Exposure Compensation - Show the camera who's boss!





Cameras have a light meter that measures the amount of light coming into the camera. When you’re shooting in aperture mode you decide how wide the lens opens and by using the light meter, the camera automatically determines how long the exposure needs to be. Similarly in shutter speed mode you choose how long the exposure time is and the camera automatically determines how wide the lens needs to be open.

Light meters are very sophisticated today, and most of the time they’ll get you a good exposure. Essentially, the meter will average the brightness of all the objects it sees, so that the bright tones will be captured and the dark tones will be captured and all the other tones will be in the middle.

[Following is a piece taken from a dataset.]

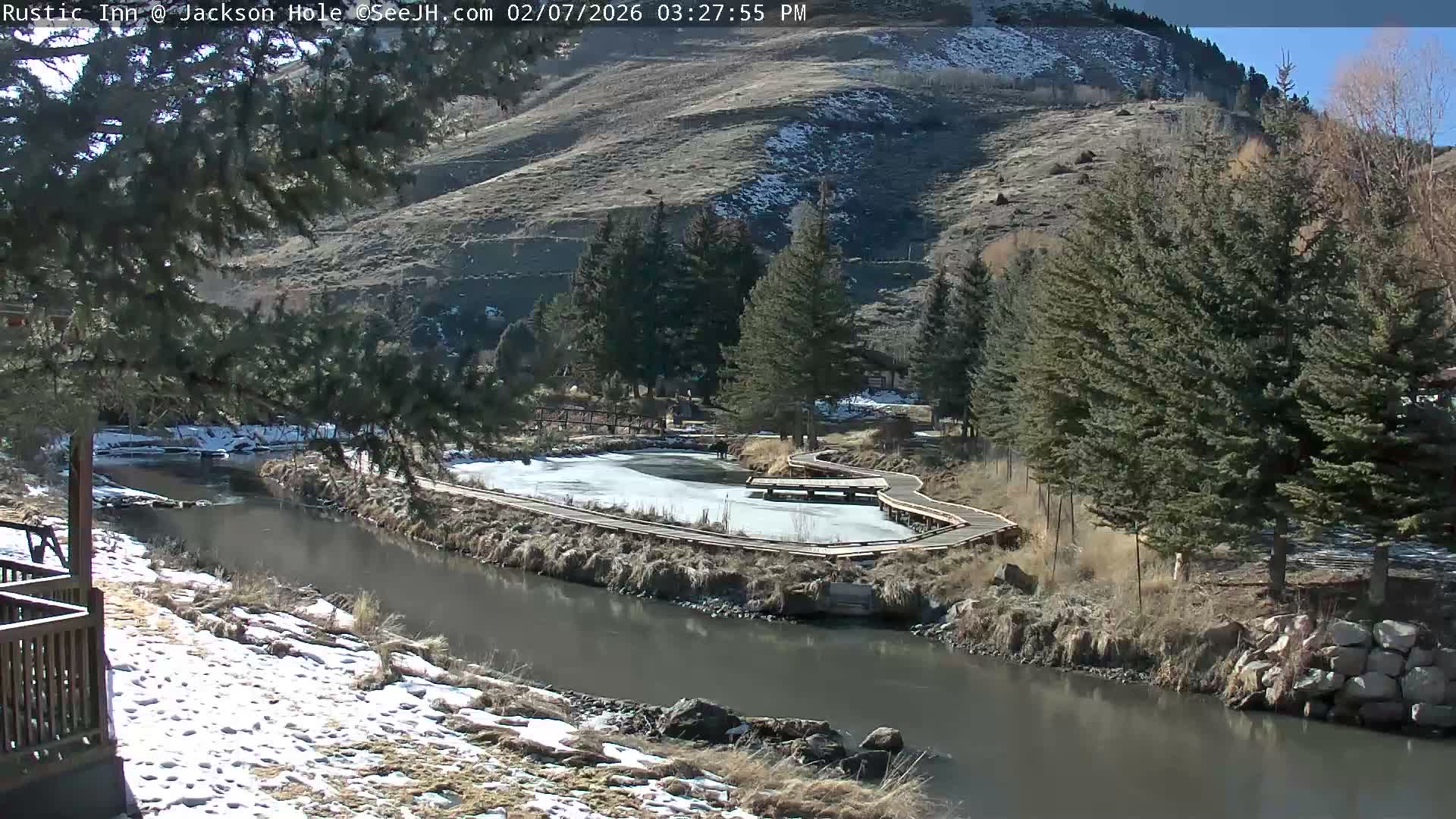 Jackson Hole, Flat Creek from Rustic Inn Resort Live Cam - Jackson, Teton, Wyoming, USA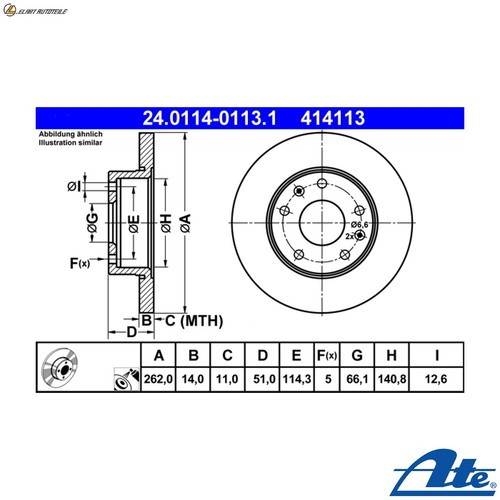 Brake discs 0114 0113 - 2x, 24.0114-0113.1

But the light meter can’t know what you are taking a photo of. When we come across a photo situation that’s supposed to be very bright or very dark, the meter will look at the scene and try to average the exposure to give to a medium grey tone. Blech...

When this happens, we have to wrestle control away from the camera and show it who’s boss!


Try this experiment:
Find a place where the lighting is even and consistent. Could be inside your house at night, outside on a cloudy day or in the shade. Get a plain white piece of paper, a T-shirt, whatever, and a plain black one. Set your camera to aperture priority. Shoot a photo of the black and the white objects side-by-side.


Now, without changing the camera settings, fill the frame completely with the white object. Shoot a photo and then do the same with the black object. You’ll have to get close, focus is not important.

Flip through the three photos and notice how the two close-up photos of the black object and the white object look pretty much the same!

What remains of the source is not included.